Work task
Emit a verbatim copy of the lines below from the line with "ดาวน์ไลท์ LED EVE" through the line with "Lenovo IdeaPad/Duet 5", excluding pictures and everything outside that range.

Excerpted data
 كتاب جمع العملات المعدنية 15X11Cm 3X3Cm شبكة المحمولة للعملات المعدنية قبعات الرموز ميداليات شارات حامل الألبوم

* * *

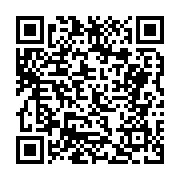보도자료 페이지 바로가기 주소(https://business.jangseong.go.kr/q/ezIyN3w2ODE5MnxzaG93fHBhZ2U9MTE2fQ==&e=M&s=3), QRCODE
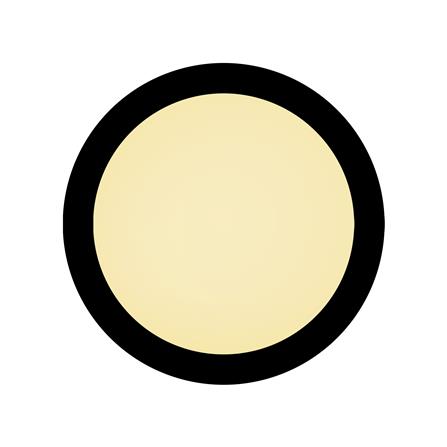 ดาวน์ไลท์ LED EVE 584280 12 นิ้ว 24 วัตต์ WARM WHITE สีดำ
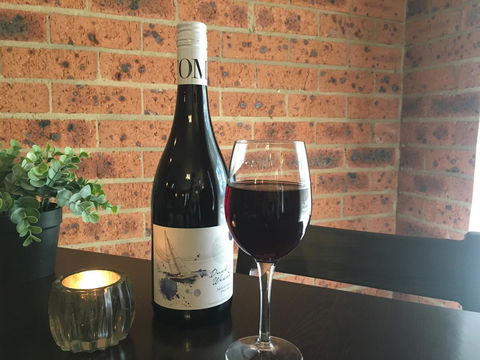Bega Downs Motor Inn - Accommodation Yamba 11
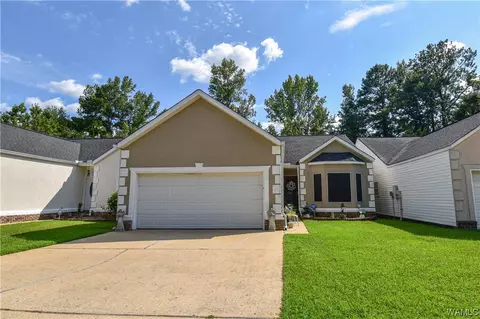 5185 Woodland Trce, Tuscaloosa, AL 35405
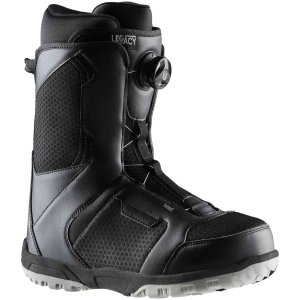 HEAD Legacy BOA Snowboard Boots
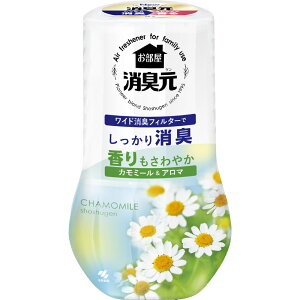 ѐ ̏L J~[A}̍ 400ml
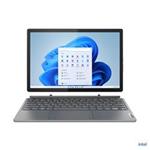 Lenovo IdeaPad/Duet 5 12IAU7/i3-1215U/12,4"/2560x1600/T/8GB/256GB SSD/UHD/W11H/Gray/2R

Exercise response
 ดาวน์ไลท์ LED EVE 584280 12 นิ้ว 24 วัตต์ WARM WHITE สีดำ
Bega Downs Motor Inn - Accommodation Yamba 11
 5185 Woodland Trce, Tuscaloosa, AL 35405
 HEAD Legacy BOA Snowboard Boots
 ѐ ̏L J~[A}̍ 400ml
 Lenovo IdeaPad/Duet 5 12IAU7/i3-1215U/12,4"/2560x1600/T/8GB/256GB SSD/UHD/W11H/Gray/2R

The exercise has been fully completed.